▸ Collected data:
..........

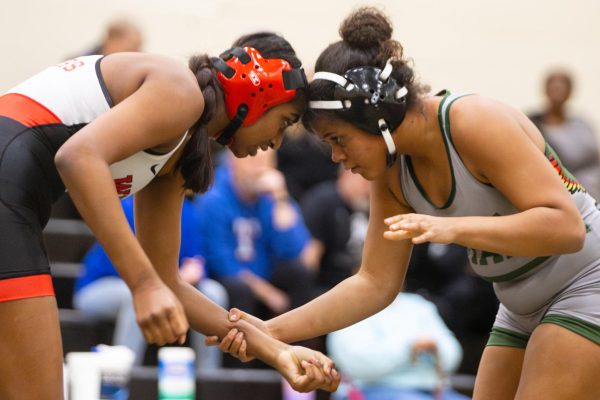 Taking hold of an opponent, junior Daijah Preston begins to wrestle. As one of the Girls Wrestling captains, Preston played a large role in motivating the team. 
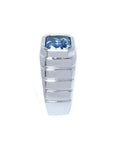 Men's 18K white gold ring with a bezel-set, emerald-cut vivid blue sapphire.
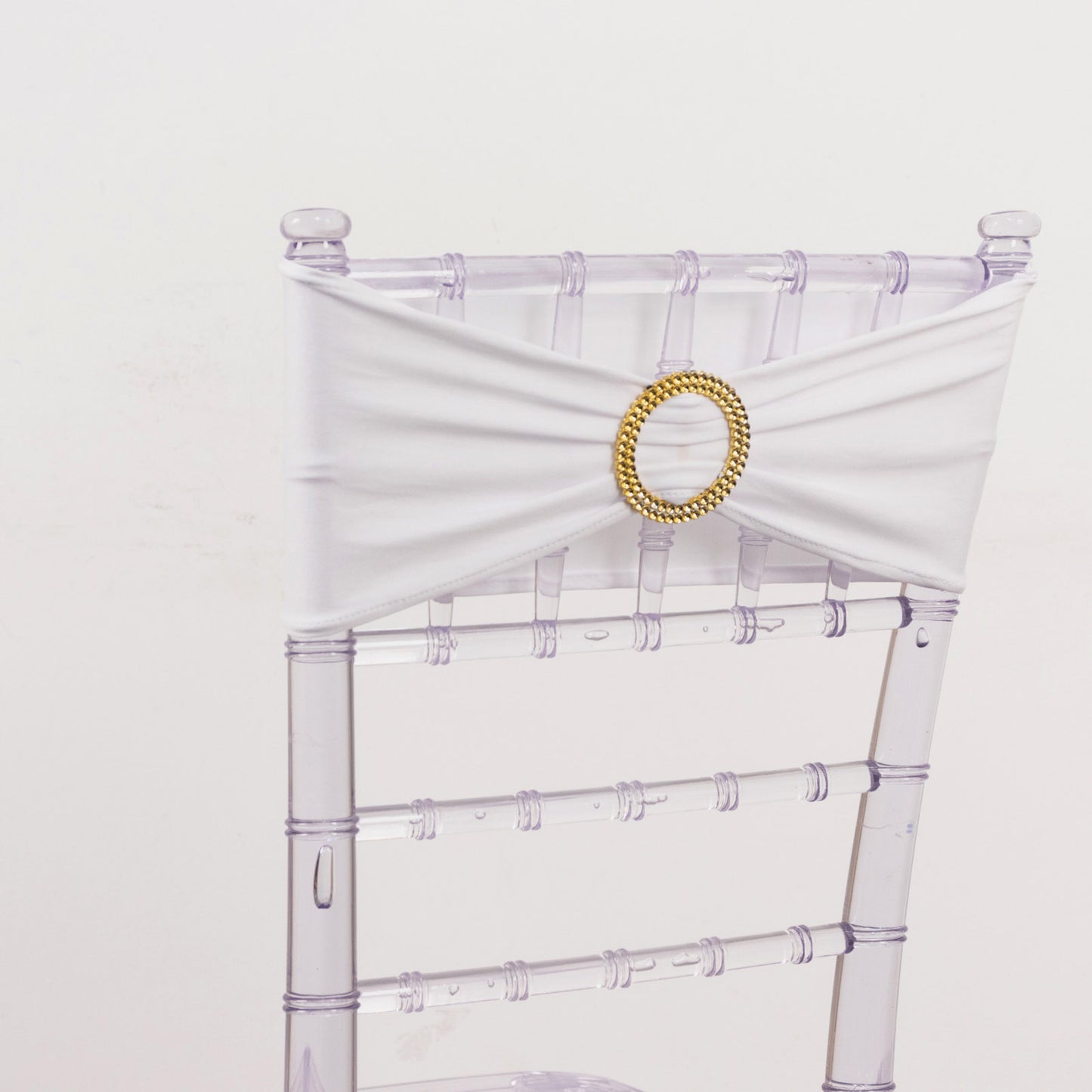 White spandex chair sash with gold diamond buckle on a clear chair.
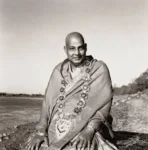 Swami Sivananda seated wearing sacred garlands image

..........

▸ Work instructions: Output the material verbatim, skipping the images.

▸ Written answer:
 Taking hold of an opponent, junior Daijah Preston begins to wrestle. As one of the Girls Wrestling captains, Preston played a large role in motivating the team. 
 Men's 18K white gold ring with a bezel-set, emerald-cut vivid blue sapphire.
 White spandex chair sash with gold diamond buckle on a clear chair.
 Swami Sivananda seated wearing sacred garlands image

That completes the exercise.